God's purpose in sending Moses to Pharaoh, King of Egypt, was not simply to lead the people of Israel out of slavery. It was also their time to enter the Promised Land. For 400 years they lived in Egypt with the awareness that one day they would have their own land, which God promised them through their ancestors Abraham, Isaac and Jacob.
Now the time had finally come. The people were at the brink of receiving their inheritance. The problem was it was not offered to them "on a silver platter" so to speak. The Promised Land was not preserved virgin territory just waiting for the people to arrive. The Land of Israel was still the Land of Canaan occupied by several intimidating people groups, who were not exactly warmly anticipating the arrival of the Israelites.
Yet this was the God-appointed time for them to acquire the Promised Land. But only two out of the twelve who went in to check out the Land confidently believed that they could do it. The vast majority thought it was a lost cause, and wanted to return to Egypt.
What was it that gave Joshua and Caleb the confidence they had? What set them apart from the others? It wasn't that they had a better time in the Holy Land than the others. You know how people's experience of a place can color how they look at it, but there was nothing contradictory in their reports. They all saw the goodness of the land and the same inhabitants.
It is not that they knew God's promise better than the others. They all knew why they went to check out the land. It was to prepare them for entering it. There wasn't a question of whether or not they would do it, at least not until they returned.
It wasn't that Joshua and Caleb had experienced more of God's power. All the people were aware of the miracles of God to that point.

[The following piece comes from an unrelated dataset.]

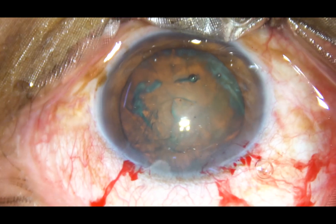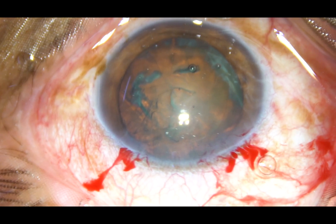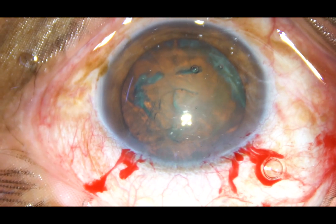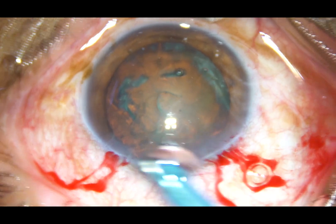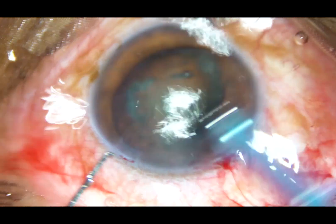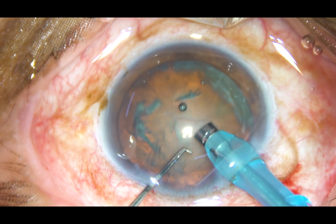Now a little visco is injected into the anterior chamber. The tip of the handpiece is introduced into the anterior chamber. The machine being used is the Oatly Catarix 3 and this is a direct chop technique.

They had all witnessed the ten plagues, the parting of the Sea, the provision of the manna, and so on.
All twelve of them knew what God had said and what he could do. And yet only Joshua and Caleb had confidence in facing the challenge of entering the Land.
The difference was, unlike the others, they believed God. They were the only ones who were able to apply what the whole nation had seen and heard to the current situation. They knew that if their taking the Land was something that God wanted, nothing or no one could stand in their way. Yet for the others all the miracles in the world could not make a difference.

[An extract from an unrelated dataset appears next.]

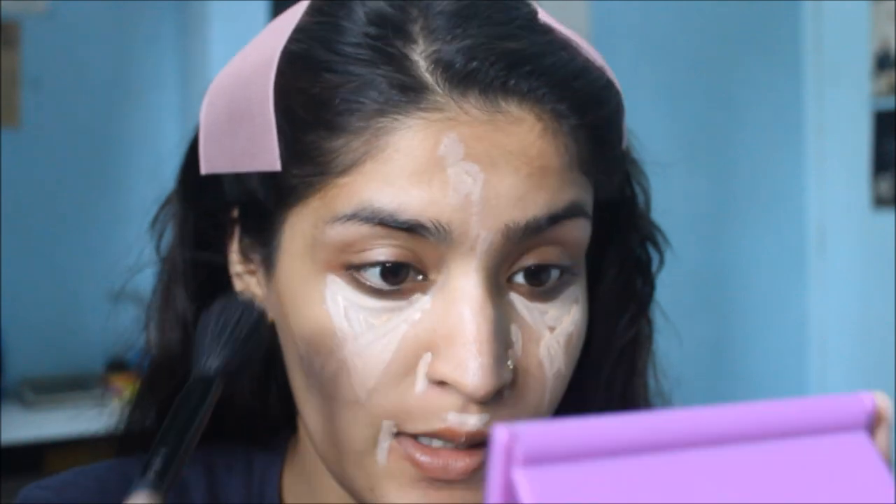I'm going to blend this all out using an Oriflame brush — it's like a blush brush sort of — and just blend it all out.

How many times have we thought that if only we could experience more of the power of God in our lives then we would trust him more? Or we think that if we could learn more of God's truth, then we would face life's challenges with confidence.

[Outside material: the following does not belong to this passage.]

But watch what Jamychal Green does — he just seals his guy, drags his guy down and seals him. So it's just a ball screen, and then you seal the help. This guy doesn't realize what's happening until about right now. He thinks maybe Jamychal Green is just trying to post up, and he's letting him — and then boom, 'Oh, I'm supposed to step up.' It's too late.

While it is most helpful to experience God and know his Word, this story vividly shows us that these things will never cause us to have confidence in God. This confidence isn't created by experience and learning. It comes from a heart of faith. Faith is a decision deep in our hearts to trust God no matter what the circumstances might be. The heart of faith knows that if God says something, then it is true. And if he tells us to do something, then we can be confident in him do it.